The Indian women’s cricket team has been going from strength to strength. After a spectacular show in the World Cup tournament in 2017, where it lost to England for nine runs but impressed cricket lovers, the team reached the Twenty20 International World Cup finals in 2020, following it up with a silver medal in the 2022 Commonwealth Games in Birmingham. The team is currently ranked fourth in the world in the ODI and the T20I formats of the game by the International Cricket Council.

Sadly, while these women raised the viewership of their game in the country exponentially, their glass ceiling in terms of remuneration remained low. The women in the highest grade received half of what the male cricketer in the lowest grade got—the top-graded male players earned 14 times more.

The BCCI announced in October that women cricketers would be paid as much as their male counterparts, joining New Zealand in bringing gender-based pay parity. Centrally contracted women cricketers will get Rs 15 lakh per Test, Rs 6 lakh per ODI and Rs 3 lakh per T20, the same that the men get. Earlier, women players received Rs 1 lakh each for ODIs and T20s and Rs 4 lakh for a Test match.

One of the top priorities of the board was to strengthen women’s cricket in India, says BCCI secretary Jay Shah. “The first major step in this direction was taken in September 2021, when we announced a hike in match fees for our domestic cricketers, right from age group to the senior level. In fact, for women’s cricketers, the hike has been nearly doubled. This will ensure that they can focus entirely on playing cricket as professionals and not drop out after a certain age,” Shah says.

Impactful Delivery

Cricketer Jhulan Goswami, who became the highest wicket taker in the Women’s World Cup in March this year, looks at the decision as one that can have multi-pronged impact. For starters, parents will not be worried about what their girls will earn, she points out, recalling her own parents’ anxiety when she started off. “It will also create a huge impact in our society because a lot of other sports do not get the kind of facilities that BCCI is providing. I am hopeful that this will nudge other sporting bodies into providing women sportspersons with proper facilities and give them respect equal to that accorded to their male counterparts,” she adds.

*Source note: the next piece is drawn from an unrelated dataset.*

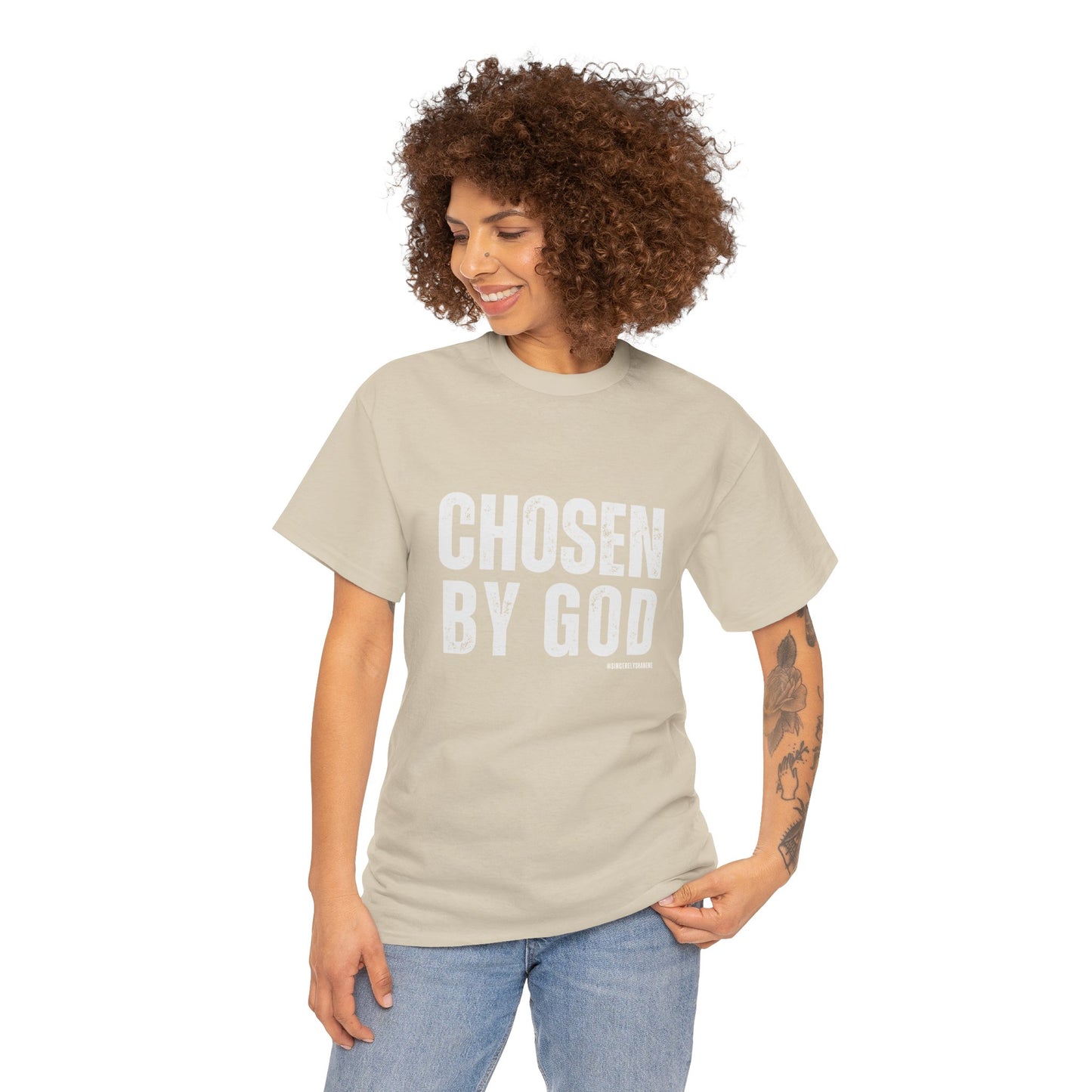 Chosen by God Tee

According to Goswami, things began to change after the BCCI took Women’s Cricket Association of India under its wings in 2006–07. “The facilities that the BCCI provides are entirely different from what they used to be [when I started out],” Goswami says. The board holds regular fitness camps, zonal camps and preparatory camps to help prepare girls ahead of a major tournament.

Last year, the women’s team played two Test matches, one in England with red ball after seven years and the maiden pink-ball Test in Australia under lights. Shah says that there could be more Test matches in future. “We have also started ‘A’ tours for women, which will help us not only identify more talented girls but also in the transition from the domestic to the international level. For the first time, we have introduced a tournament at the Under 15 level for girls,” he says.

Shah hopes that more women cricketers can come forward to take up coaching roles, just like in men’s cricket.

Next year will be an important one for women’s cricket in the country, he points out, hinting at some key announcements coming soon.